Monday, May 27, 2013

Part 88 - The Donner Party

A pivotal character in the tragic story of the ill-fated Donner Party was Lansford W. Hastings.  He was a twenty-seven-year-old lawyer from Ohio when he journeyed to Oregon and then later to California in 1843-44.  At the time Hastings visits California, the territory belonged to Mexico. 

When he returned to the U.S. in 1844, he had grandiose visions of wresting California from Mexico, making it an entity to be called the Republic of California, with himself holding a high office.  His methodology for accomplishing this endeavor was to overwhelm the land with emigrants, and to this end, he authored a book titled The Emigrants Guide to Oregon and California.  In this booklet, he made a one-line statement that became the trigger for the struggles of the Donner Party.

"The most direct path would be to leave the Oregon route, about two hundred miles east of Fort Hall; thence bearing west-south west, to the Salt Lake; and thence continuing down to the bay of San Francisco." (Hastings)

This suggestion of an alternate route became known as the Hastings Cutoff, even though Hastings himself had never traveled this route before making it a part of his emigrant’s guide. George Donner had a copy of Hastings' emigrant guide and concluded that he would take the route, as he had been assured it would cut off 350 to 400 miles from the entire journey.  Likewise, knowing that his group was at the back of the pack of emigrant trains that year, heading to Oregon and California, he was concerned about completing the journey before the snow began to fall.
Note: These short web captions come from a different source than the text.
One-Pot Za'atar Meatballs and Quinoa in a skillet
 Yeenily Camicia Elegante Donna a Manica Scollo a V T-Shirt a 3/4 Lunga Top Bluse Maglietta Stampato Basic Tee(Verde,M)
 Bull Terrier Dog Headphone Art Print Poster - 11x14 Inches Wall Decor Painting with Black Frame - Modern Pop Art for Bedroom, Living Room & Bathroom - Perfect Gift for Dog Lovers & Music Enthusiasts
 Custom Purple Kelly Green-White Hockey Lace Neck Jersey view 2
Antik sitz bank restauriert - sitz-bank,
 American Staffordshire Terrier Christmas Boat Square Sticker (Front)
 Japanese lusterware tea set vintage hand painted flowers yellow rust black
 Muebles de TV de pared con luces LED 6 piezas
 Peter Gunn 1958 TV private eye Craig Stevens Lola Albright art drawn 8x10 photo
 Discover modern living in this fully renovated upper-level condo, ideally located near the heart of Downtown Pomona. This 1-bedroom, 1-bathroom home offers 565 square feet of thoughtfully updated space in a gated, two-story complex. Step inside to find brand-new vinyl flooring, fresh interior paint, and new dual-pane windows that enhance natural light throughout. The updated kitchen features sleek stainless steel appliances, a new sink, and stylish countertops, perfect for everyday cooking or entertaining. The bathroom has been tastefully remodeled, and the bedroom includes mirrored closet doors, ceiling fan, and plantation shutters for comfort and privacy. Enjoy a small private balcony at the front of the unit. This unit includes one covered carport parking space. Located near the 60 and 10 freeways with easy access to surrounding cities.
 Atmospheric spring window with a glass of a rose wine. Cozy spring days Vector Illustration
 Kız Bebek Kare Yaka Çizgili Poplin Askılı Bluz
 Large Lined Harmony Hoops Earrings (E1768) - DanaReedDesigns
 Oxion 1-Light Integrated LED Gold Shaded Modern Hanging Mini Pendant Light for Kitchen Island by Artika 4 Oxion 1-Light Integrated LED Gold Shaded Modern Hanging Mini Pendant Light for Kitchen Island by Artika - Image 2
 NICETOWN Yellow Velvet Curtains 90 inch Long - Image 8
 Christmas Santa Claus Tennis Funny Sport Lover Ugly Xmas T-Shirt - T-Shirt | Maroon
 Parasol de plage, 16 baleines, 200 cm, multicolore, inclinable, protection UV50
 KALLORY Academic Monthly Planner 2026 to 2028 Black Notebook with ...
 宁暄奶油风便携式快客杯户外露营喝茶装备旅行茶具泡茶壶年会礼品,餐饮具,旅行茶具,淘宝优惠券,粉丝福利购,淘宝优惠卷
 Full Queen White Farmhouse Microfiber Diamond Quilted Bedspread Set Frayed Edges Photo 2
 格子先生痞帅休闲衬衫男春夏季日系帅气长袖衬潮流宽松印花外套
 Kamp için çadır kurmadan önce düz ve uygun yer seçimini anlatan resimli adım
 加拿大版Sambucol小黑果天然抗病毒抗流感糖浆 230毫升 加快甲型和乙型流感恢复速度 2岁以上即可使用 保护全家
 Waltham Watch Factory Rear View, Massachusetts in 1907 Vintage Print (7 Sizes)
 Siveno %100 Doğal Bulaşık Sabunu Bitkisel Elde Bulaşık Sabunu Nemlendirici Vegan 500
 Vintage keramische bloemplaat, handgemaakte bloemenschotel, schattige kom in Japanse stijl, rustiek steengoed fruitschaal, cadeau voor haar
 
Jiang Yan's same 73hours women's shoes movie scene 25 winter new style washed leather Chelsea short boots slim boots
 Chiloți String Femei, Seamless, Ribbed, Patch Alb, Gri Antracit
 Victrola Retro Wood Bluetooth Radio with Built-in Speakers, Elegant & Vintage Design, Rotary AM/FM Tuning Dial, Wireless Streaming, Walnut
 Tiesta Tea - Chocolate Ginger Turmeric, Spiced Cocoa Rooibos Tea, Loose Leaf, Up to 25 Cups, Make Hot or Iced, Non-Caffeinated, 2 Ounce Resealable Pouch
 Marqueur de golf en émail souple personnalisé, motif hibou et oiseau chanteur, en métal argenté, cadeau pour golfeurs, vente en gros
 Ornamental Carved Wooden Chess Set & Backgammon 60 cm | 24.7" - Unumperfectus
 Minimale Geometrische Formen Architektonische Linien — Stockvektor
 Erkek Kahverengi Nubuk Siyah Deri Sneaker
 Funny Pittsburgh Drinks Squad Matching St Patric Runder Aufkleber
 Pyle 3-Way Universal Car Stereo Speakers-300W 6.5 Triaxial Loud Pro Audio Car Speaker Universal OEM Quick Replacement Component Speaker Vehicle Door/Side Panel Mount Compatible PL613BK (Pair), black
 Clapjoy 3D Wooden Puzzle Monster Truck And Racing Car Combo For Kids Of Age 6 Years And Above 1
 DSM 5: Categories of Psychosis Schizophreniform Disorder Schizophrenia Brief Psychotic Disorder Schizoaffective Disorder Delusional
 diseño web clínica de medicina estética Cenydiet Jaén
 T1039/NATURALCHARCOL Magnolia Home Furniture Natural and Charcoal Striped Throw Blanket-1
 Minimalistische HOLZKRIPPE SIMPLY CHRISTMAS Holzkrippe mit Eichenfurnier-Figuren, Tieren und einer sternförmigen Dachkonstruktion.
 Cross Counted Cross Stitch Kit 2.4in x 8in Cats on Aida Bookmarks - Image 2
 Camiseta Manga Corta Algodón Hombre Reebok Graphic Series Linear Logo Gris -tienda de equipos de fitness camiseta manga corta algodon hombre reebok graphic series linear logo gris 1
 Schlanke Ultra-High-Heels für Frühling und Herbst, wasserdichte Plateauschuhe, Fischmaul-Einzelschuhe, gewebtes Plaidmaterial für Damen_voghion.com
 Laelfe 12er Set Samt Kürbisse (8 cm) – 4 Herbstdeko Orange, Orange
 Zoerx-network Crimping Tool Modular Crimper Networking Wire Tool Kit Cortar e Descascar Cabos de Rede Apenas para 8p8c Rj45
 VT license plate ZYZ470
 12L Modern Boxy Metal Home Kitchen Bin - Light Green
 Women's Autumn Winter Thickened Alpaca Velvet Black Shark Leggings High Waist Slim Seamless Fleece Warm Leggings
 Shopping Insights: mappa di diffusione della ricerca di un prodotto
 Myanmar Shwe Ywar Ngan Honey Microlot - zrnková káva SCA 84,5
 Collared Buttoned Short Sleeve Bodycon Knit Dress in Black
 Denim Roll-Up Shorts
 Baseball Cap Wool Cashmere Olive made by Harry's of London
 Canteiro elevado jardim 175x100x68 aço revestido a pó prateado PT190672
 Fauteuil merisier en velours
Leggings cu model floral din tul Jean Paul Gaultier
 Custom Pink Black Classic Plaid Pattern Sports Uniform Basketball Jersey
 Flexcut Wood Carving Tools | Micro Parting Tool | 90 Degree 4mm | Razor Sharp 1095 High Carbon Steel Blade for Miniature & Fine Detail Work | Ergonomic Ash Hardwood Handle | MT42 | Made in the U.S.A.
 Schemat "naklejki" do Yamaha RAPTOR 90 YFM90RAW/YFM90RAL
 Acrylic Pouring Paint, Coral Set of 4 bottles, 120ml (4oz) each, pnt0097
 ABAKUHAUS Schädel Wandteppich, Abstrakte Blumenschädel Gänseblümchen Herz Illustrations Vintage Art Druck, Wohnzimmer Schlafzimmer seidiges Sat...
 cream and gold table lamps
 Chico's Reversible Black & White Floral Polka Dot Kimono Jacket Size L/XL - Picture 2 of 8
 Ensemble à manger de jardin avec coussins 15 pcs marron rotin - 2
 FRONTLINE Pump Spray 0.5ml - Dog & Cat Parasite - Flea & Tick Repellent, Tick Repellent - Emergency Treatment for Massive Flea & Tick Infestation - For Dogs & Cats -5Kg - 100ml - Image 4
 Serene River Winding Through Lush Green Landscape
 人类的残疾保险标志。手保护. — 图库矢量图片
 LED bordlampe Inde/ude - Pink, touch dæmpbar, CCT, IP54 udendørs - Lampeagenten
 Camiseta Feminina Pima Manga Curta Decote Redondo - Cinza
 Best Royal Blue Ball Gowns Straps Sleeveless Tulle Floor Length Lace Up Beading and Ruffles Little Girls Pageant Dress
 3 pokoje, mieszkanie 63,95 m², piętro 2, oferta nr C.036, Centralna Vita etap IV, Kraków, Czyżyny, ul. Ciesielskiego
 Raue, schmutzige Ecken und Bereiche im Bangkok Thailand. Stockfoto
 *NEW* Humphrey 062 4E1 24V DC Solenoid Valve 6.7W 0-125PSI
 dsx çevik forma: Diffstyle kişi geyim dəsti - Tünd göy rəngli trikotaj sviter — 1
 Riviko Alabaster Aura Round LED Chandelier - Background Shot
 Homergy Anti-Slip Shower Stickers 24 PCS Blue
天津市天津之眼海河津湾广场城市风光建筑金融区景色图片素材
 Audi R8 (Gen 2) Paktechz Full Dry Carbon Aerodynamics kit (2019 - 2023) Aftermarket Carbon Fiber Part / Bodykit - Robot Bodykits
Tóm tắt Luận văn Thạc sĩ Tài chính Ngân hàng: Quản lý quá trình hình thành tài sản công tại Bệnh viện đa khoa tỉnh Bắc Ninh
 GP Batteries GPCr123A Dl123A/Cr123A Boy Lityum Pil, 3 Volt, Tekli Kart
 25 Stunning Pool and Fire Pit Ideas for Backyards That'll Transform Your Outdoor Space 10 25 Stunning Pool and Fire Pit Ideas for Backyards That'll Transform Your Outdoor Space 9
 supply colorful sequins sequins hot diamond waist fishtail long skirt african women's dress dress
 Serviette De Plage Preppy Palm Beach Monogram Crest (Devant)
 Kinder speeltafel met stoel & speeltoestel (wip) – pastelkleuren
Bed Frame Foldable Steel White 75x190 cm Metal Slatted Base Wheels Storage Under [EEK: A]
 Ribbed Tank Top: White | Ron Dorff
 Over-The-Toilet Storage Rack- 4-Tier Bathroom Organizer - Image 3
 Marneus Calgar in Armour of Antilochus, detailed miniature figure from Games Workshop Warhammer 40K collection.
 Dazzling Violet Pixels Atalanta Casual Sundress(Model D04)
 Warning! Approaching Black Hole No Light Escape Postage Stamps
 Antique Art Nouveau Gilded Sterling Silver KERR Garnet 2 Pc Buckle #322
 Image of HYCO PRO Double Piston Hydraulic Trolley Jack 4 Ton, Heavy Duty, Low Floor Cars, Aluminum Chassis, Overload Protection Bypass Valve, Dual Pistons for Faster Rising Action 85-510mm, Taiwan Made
Somewhere beyond Fort Bridger, Wyoming, the regular trail to Oregon continued west-northwest past Fort Hall, Idaho, but here the Hastings Cutoff split from the main trail and headed west – southwest to enter Utah near the present day Evanston, Wyoming/Utah border.  From the bottom of Echo Canyon in Utah (present location of Interstate I-80), the Donner Party had to blaze a trail over the Wasatch Mountains down to the valley of the Great Salt Lake.  

They lost valuable time building this wagon road across the mountains, but on a bright note, it was of great value to the Mormon pioneers who followed this road one year later in 1847 on their exodus from Nauvoo, Illinois, to the Great Salt Lake Basin.

Skirting around the southern end of the Great Salt Lake, the Donner Party then entered the great salt desert around Grantsville, Utah.  This turned out to be an eighty-mile trek through mud and muck that saw the heavily loaded wagons sink into the mud up to the hubs of the wagons.  It took six days to cross this extremely inhospitable desert; water ran out after three days, and many of their animals bolted, crazed by thirst.  A number of wagons were abandoned.

As a side note, as late as the 1930s, the wagon tracks and remains of the abandoned wagons could still be seen in the desert salt and mud wasteland.

These delays cost the Donner Party their opportunity to cross the mountains, specifically Donner Pass, to the safety of the lowland ranches on the western side of the Sierra Nevada Mountains.  In spite of their heroic efforts to make miles, they missed crossing the pass by only one day before the deep snows forced them to retreat to Donner Lake and set up camp to wait out the winter.

The fate of the Donner Party sends a strong message to Pacific Crest Trail thru-hikers – don’t dally along the way, stay focused on the goal, and plan on making it to the Canadian border sooner rather than later before early September snows have a chance to close down the trail, as it did this year.

The historical marker at the trail junction of the PCT and Roller Pass.